Lors de la rencontre, Javier Bardem et Josh Brolin glissaient des allusions sexuelles, se plaisant à faire croire que No Country for Old Men était un western à la Brokeback Mountain et qu’ils entretenaient eux-mêmes une liaison. Or, il n’en est rien puisque les deux acteurs, qui affichaient une franche camaraderie, incarnent de redoutables ennemis dans le nouveau film des frères Coen.
Brolin confie: "Ça a cliqué immédiatement entre Javier et moi, et grâce à l’humour subtil des Coen, on a énormément rigolé lors du tournage. C’était essentiel pour le public et, égoïstement, pour nous car il fallait désamorcer avec l’humour toute la violence du film, laquelle, que Dieu nous protège, pourrait très bien nous arriver."
Repoussant l’idée qu’il s’est inspiré de Lon Chaney dans London After Midnight pour son look d’assassin sans pitié, Javier Bardem se souvient de son passage dans la chaise du coiffeur: "On ne savait pas quoi faire de mes cheveux, puis, alors qu’ils tombaient par terre, j’entendais des fous rires, et j’ai vu Ethan s’écrouler en larmes tant il riait." "La première chose qu’il m’a dite, lance Brolin, c’est: "Merde, aucune fille ne voudra coucher avec moi durant les trois prochains mois!""

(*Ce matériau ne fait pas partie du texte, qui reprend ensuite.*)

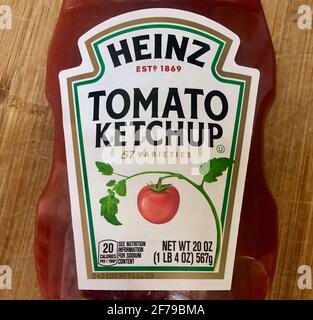 Boca Raton, Usa. April 2021. Am 5. April 2021 wird in Boca Raton, Florida, eine Flasche Heinz Tomato Ketchup ausgestellt. Laut Nachrichtenberichten stehen amerikanische Restaurants vor einem Mangel an Ketchup-Paketen, da die Pandemie Covid-19 die Nachfrage nach Essen zum Mitnehmen und individuellen Ketchup-Portionen drastisch erhöht hat. (Foto von Samuel Rigelhaupt/Sipa USA) Quelle: SIPA USA/Alamy Live News Stockfoto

S’il s’est amusé à jouer les vilains, Bardem a néanmoins trouvé l’expérience bizarre, croyant avoir fait quelque chose de travers puisque son personnage plaît malgré tout. Lorsqu’on lui avoue qu’il a l’air d’un Buster Keaton diabolique dans No Country For Old Men, son partenaire s’exclame: "Et moi, on me compare à fucking Nick Nolte!"

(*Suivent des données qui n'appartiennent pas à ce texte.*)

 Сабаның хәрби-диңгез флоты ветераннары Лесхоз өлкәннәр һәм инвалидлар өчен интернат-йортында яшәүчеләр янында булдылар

Avec un semblant de sérieux, Bardem confie alors qu’il a vu tous les films de Keaton afin de se préparer, puis il s’écrie: "Eh, mais pourquoi je vous rappelle Buster Keaton, c’est ma façon de bouger?" En fait, ce n’est pas tant sa gestuelle que son expression faciale et son regard noir qui rappellent ce génie du muet.
"J’ai abordé mon personnage comme un symbole de la violence et non comme un être humain, explique Bardem. Ethan et Joel nous ont donné entière liberté pour créer, mais ce qui est troublant, c’est qu’ils ne disent mot lorsque la scène est terminée."

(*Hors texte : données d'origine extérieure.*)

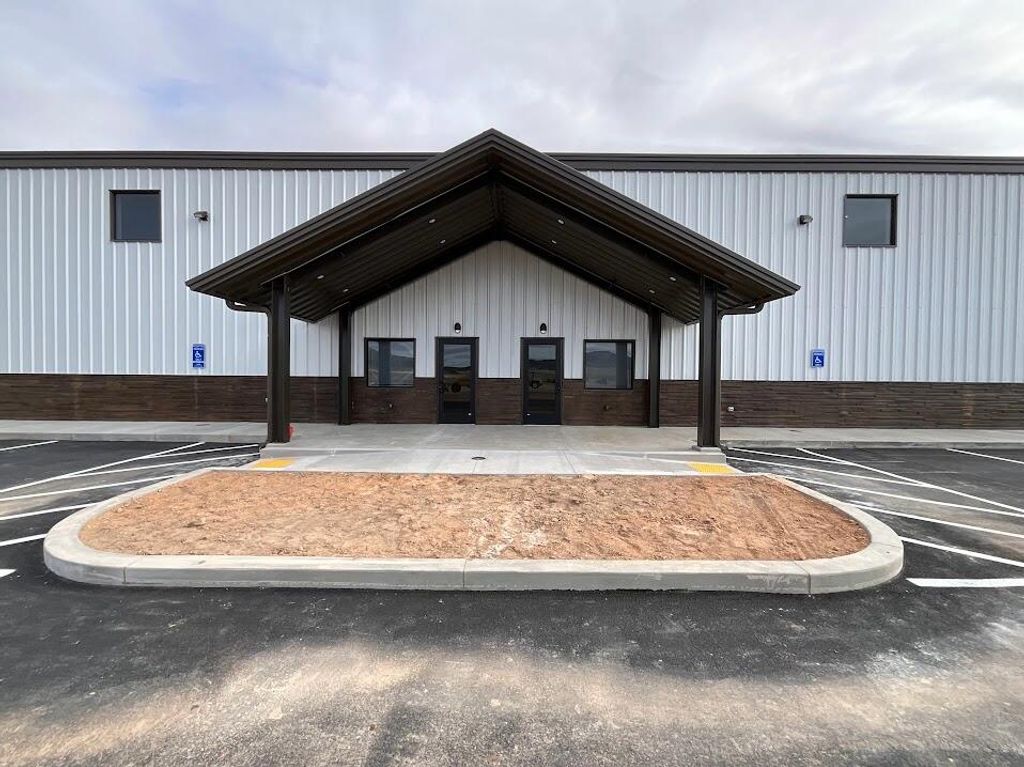 Photo of 6800 Shop Space For Rent, Cedar City, UT 84721 (MLS # 114208)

Brolin renchérit: "Le plus grand compliment que j’ai eu, c’est un petit signe d’Ethan. Plus tard, j’ai compris que ça signifiait qu’il était très satisfait. Tout est dans le langage du corps chez les Coen."
Enfin, pour revenir à la violence du film souvent évoquée, que peut-elle bien signifier? Une nostalgie du Far West? "Hollywood a présenté une vision romantique du Far West, je crois qu’il s’agissait en fait d’une époque très violente, éprouvante et triste où l’on ne vivait pas très vieux. L’Amérique illustrée dans No Country for Old Men reflète fidèlement l’esprit de cette dure époque", croit Josh Brolin.